TASK BRIEF:
For every line below, output the text exactly and leave out images.

** DATA EXCERPT follows **

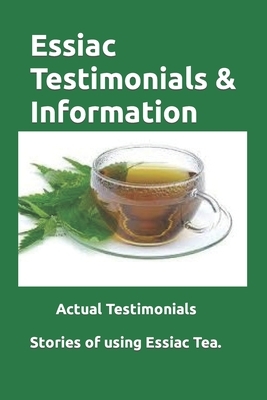 Essiac Testimonials & Info: People tell their stories of using Essiac herbal tea. Valuable Insight.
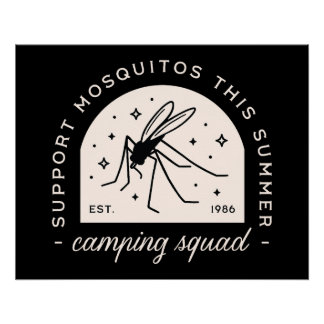 Camping mosquito funny summer camp whimsical black poster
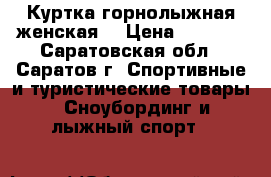 Куртка горнолыжная женская  › Цена ­ 1 500 - Саратовская обл., Саратов г. Спортивные и туристические товары » Сноубординг и лыжный спорт   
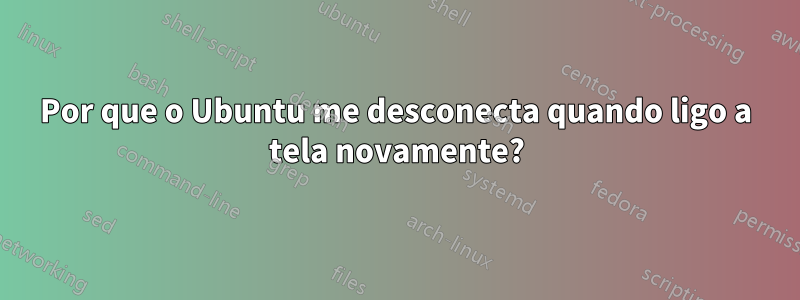 Por que o Ubuntu me desconecta quando ligo a tela novamente?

** End of DATA EXCERPT **

EXERCISE SOLUTION:
 Essiac Testimonials & Info: People tell their stories of using Essiac herbal tea. Valuable Insight.
 Camping mosquito funny summer camp whimsical black poster
 Куртка горнолыжная женская  › Цена ­ 1 500 - Саратовская обл., Саратов г. Спортивные и туристические товары » Сноубординг и лыжный спорт   
 Por que o Ubuntu me desconecta quando ligo a tela novamente?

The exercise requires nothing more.